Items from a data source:
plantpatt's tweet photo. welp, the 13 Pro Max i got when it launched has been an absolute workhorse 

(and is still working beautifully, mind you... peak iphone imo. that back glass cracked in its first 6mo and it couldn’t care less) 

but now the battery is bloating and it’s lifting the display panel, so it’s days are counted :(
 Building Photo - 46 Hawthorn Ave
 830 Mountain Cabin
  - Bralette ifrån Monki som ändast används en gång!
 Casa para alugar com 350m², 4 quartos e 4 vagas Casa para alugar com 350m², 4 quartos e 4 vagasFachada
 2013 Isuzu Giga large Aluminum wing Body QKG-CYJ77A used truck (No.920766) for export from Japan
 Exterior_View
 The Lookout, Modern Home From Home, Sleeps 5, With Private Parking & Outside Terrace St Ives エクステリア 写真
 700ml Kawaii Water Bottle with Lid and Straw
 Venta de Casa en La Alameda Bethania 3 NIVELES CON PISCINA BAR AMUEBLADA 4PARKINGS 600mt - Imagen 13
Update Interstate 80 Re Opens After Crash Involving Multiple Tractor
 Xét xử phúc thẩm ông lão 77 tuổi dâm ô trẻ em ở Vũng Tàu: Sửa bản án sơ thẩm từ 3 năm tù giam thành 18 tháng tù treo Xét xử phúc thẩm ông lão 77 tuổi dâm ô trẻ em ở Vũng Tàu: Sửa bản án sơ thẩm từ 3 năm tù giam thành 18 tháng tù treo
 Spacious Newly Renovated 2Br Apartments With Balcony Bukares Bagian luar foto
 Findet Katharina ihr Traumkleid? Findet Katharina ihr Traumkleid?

◆ **ASSIGNMENT**:
Beginning at the line containing "Casa para alugar com 350m², 4 quartos e 4 vagas Casa", repeat each line exactly through the last line of the entries, and include no other lines.

◆ **RESPONSE**:
 Casa para alugar com 350m², 4 quartos e 4 vagas Casa para alugar com 350m², 4 quartos e 4 vagasFachada
 2013 Isuzu Giga large Aluminum wing Body QKG-CYJ77A used truck (No.920766) for export from Japan
 Exterior_View
 The Lookout, Modern Home From Home, Sleeps 5, With Private Parking & Outside Terrace St Ives エクステリア 写真
 700ml Kawaii Water Bottle with Lid and Straw
 Venta de Casa en La Alameda Bethania 3 NIVELES CON PISCINA BAR AMUEBLADA 4PARKINGS 600mt - Imagen 13
Update Interstate 80 Re Opens After Crash Involving Multiple Tractor
 Xét xử phúc thẩm ông lão 77 tuổi dâm ô trẻ em ở Vũng Tàu: Sửa bản án sơ thẩm từ 3 năm tù giam thành 18 tháng tù treo Xét xử phúc thẩm ông lão 77 tuổi dâm ô trẻ em ở Vũng Tàu: Sửa bản án sơ thẩm từ 3 năm tù giam thành 18 tháng tù treo
 Spacious Newly Renovated 2Br Apartments With Balcony Bukares Bagian luar foto
 Findet Katharina ihr Traumkleid? Findet Katharina ihr Traumkleid?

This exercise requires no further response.